U mnie bez klimy, więc tragedia... ledwo żyję, plecy bolą od siedzenia przy biurku, pracę mam stresującą, klienci, dostawcy etc wiele informacji, presja czasu, terminy gonią, dużo stresu czasem... nie chcę się stresować w ciązy. Dziecko jest dla mnie najważniejsze.
Nie ja pierwsza i nie ostatnia wypadnę z obiegu na chwilę - ale u mnie szybko można się wdrożyć z powrotem... jeśli ma się łeb na karku.
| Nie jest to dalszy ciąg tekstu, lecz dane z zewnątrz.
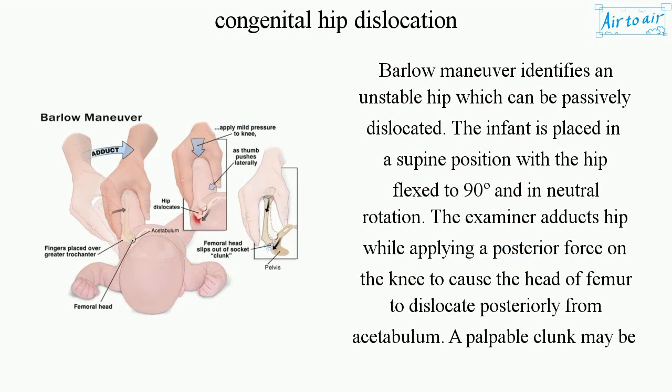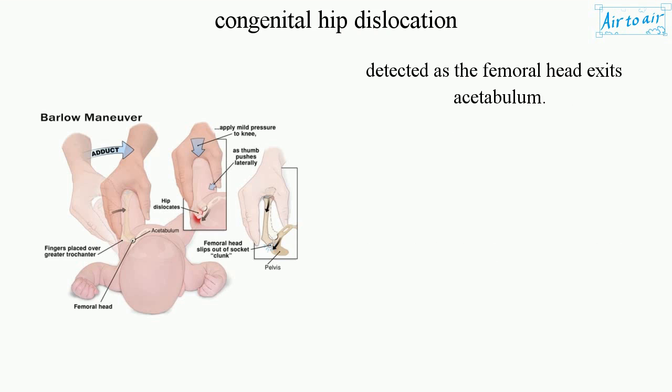The Barlow Maneuver identifies an unstable hip which can be passively dislocated. The infant is placed in a supine position with the hip flexed to 90° and in neutral rotation. The examiner adducts the hip while applying a posterior force on the knee to cause the head of the femur to dislocate posteriorly from the acetabulum. A palpable clunk may be detected as the femoral head exits the acetabulum.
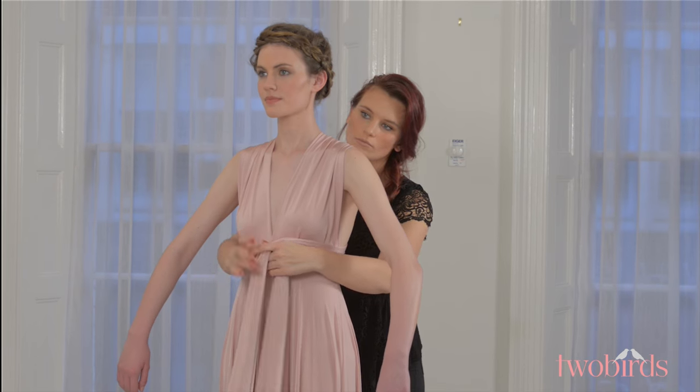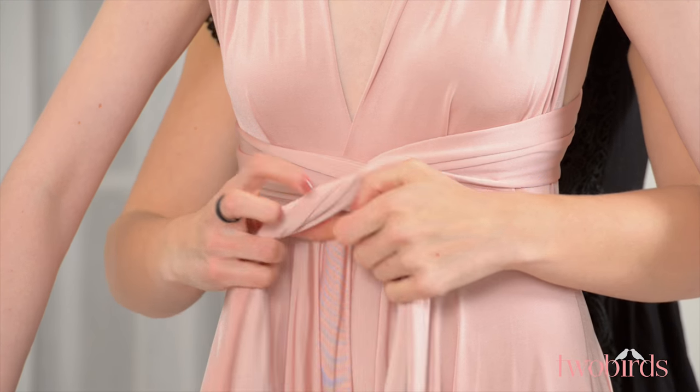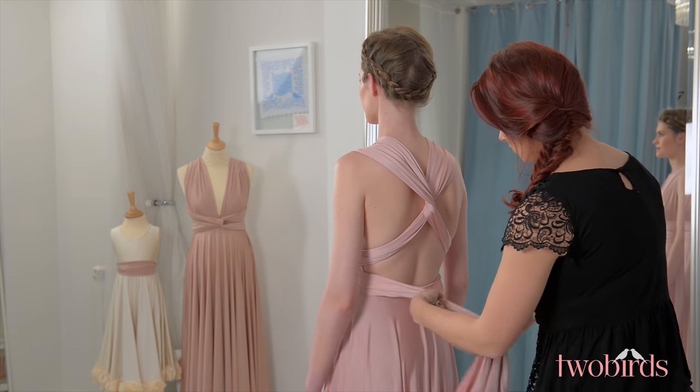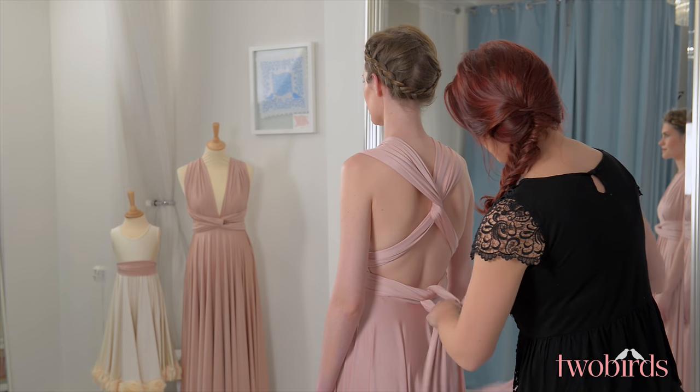Now bring the straps around to the front and instead of just crossing over, link the straps around each other to create a buckle effect, making sure you cover the seam. Then bring the straps around to the back and secure with a bow or knot.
Mdłości są okropne, szczególnie jak Ci ktoś co chwilę włącza w biurze mikrofalę z obiadem... co chwilę już latam do łazienki na siusiu, niewygodnie jest 8 h za biurkiem... senność i zmęczenie nasilają się i czasem nie idzie wytrzymać, jeszcze ja mam tak niskie ciśnienie że czuję się jak umarlak momemntami. No i jest jeszcze jednak ważna kwestia - teraz jest wszystko ok i cieszmy się, natomiast to jak teraz funkcjonujemy może mieć wpływ np za 2 lub 3 mies moja kolezanka tak miała, zaczęła jej się skracac szyjka macicy w efekcie urodziła 1,5 mies wczesniej z dala od domu... -
Cześć dziewczyny, trzymam kciuki za Was,
Przepraszam że Wam wrzucę to na wątek ale może któraś będzie zainteresowana adapterem do pasów bezpieczeństwa, jak nie teraz to może za chwilę, ja już nie będę z niego korzystać bo raczej nigdzie się już nie wybieram samochodem.